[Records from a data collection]
********

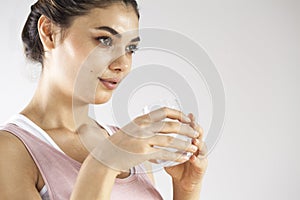 Young woman drinking glass of water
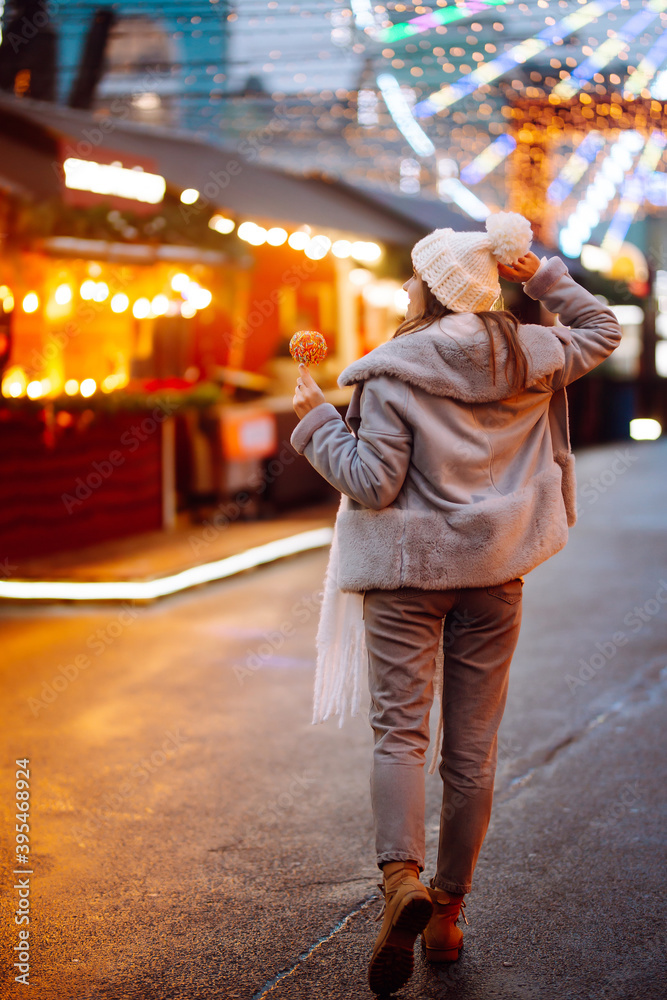 Young woman with caramel apple on Christmas market. Smiling woman in winter style clothes posing at festive street market. Lights around. Winter holiday.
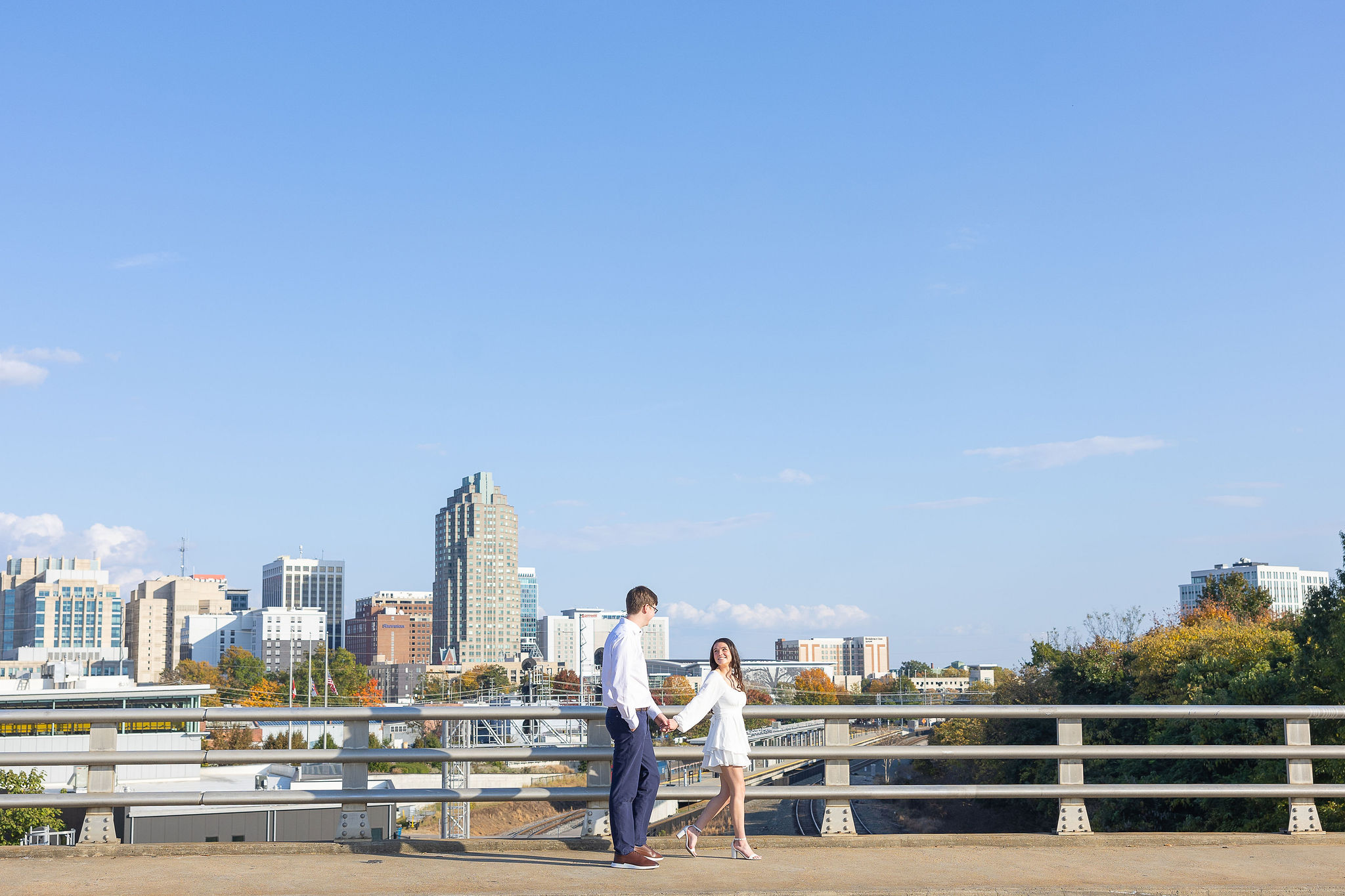 Couple walking on bridge in downtown Raleigh engagement session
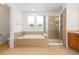 Bright bathroom features a soaking tub, walk-in shower and neutral tile at 2488 Lake Vista Dr, Broomfield, CO 80023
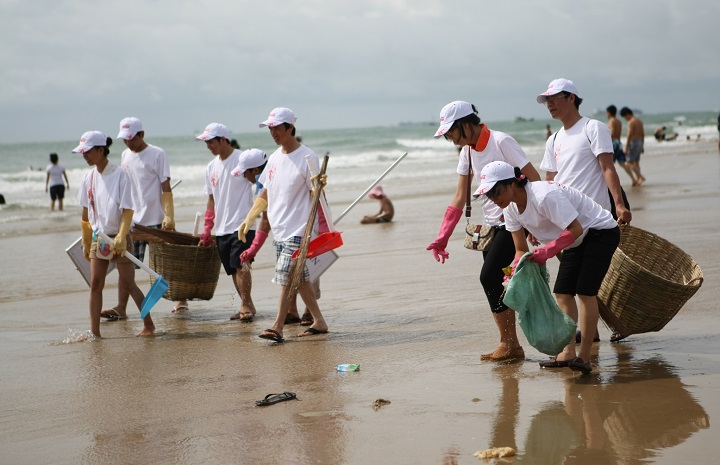 Tourists picking up trash on the beach of Cat Ba Island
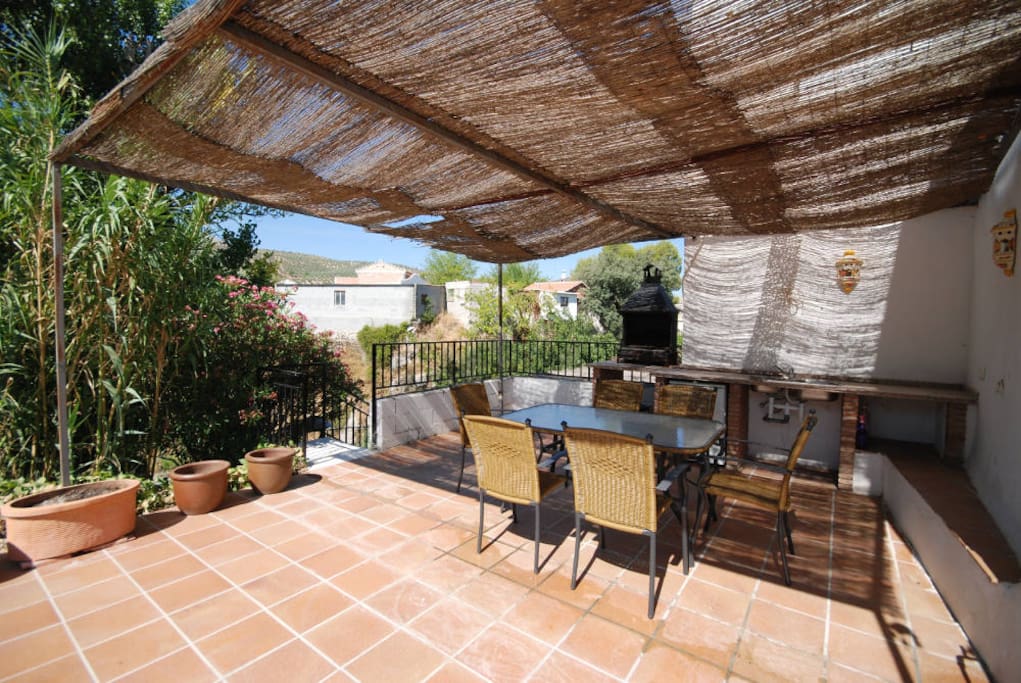 Outdoor kitchen and upper patio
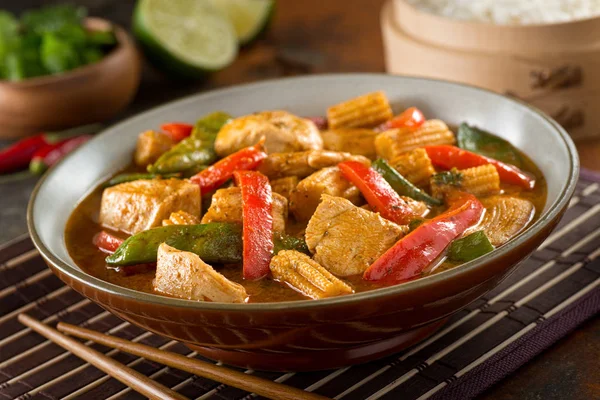 Heerlijke zelfgemaakte Thaise rode curry met kip, rode paprika, peultjes, baby maïs, kokosmelk en koriander. — Stockfoto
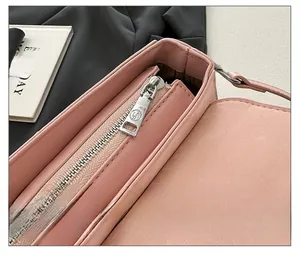 Close-up of the smooth silver zipper and round logo charm on a pink leather shoulder bag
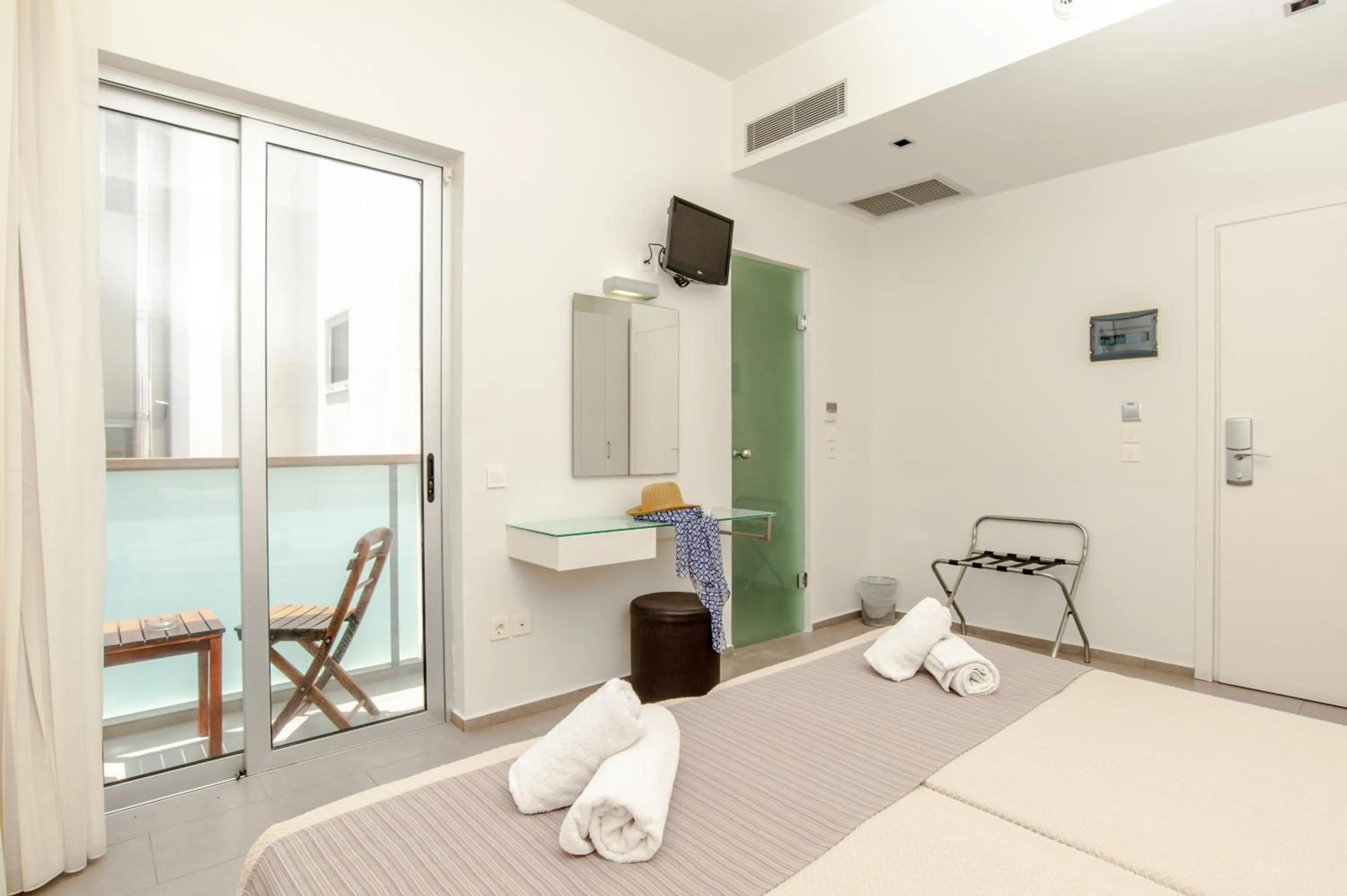 Bed in Atlantis Boutique City Hotel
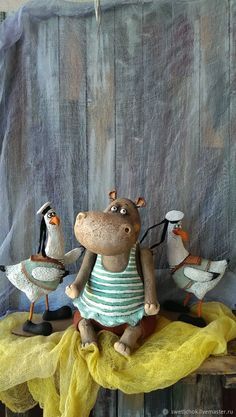 a stuffed hippo sitting on top of a wooden table next to ducks and geese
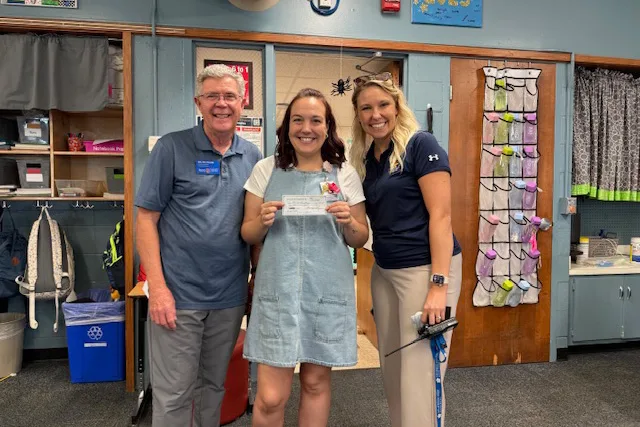From left, Bill McCollom, President of the Lenexa Rotary Foundation; Becca Smysor, 5th grade teacher and Rocket Cart leader; and Samantha Luchgel, principal of Rosehill Elementary.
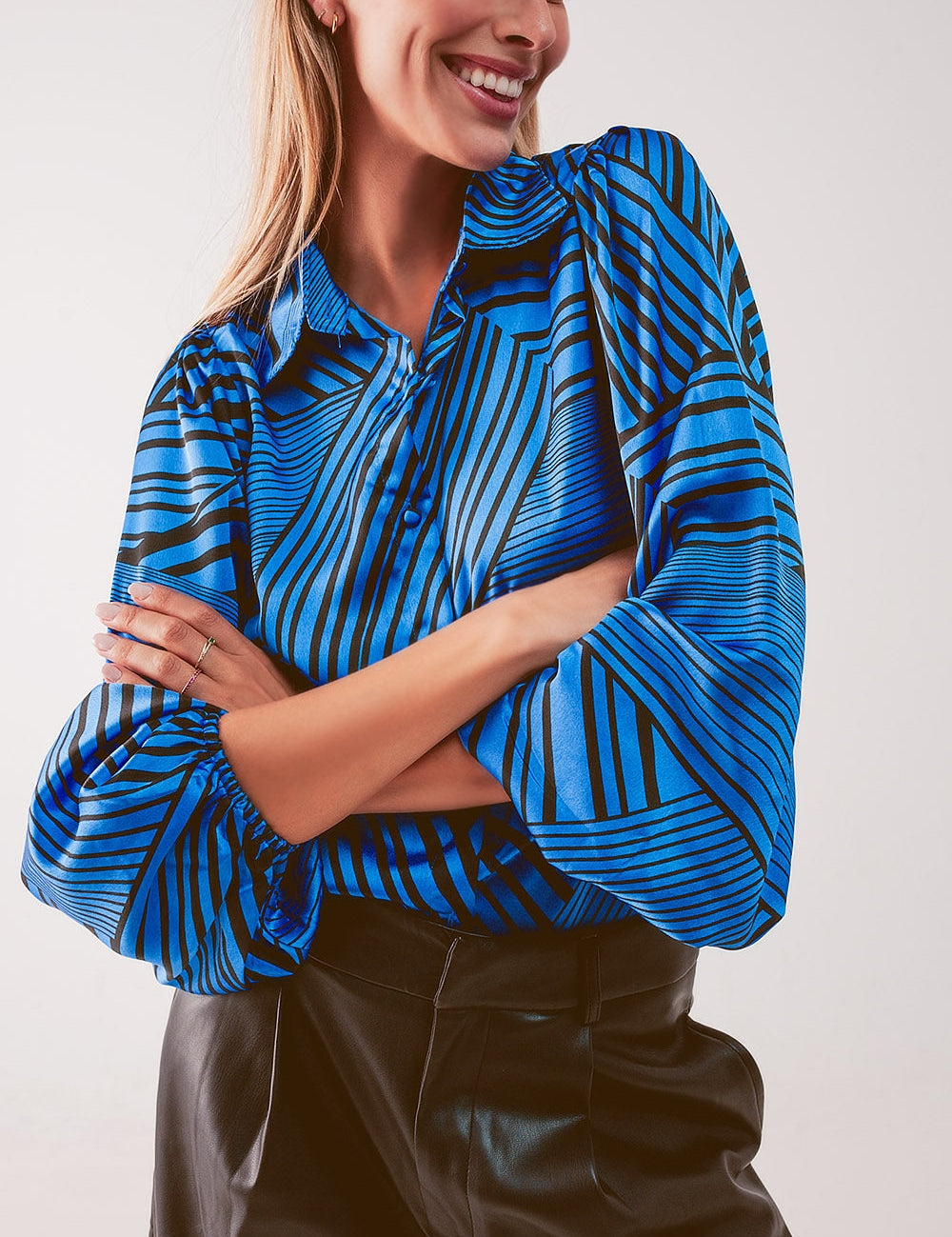 Model wearing blue-toned striped puff sleeve blouse with wide collar and ruched sleeves, styled with black pants.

********

Work order: Write out exactly the lines beginning with the line that holds "Close-up of the" and ending with the final line of the data, both ends included, without the pictures.

Answer:
 Close-up of the smooth silver zipper and round logo charm on a pink leather shoulder bag
 Bed in Atlantis Boutique City Hotel
 a stuffed hippo sitting on top of a wooden table next to ducks and geese
From left, Bill McCollom, President of the Lenexa Rotary Foundation; Becca Smysor, 5th grade teacher and Rocket Cart leader; and Samantha Luchgel, principal of Rosehill Elementary.
 Model wearing blue-toned striped puff sleeve blouse with wide collar and ruched sleeves, styled with black pants.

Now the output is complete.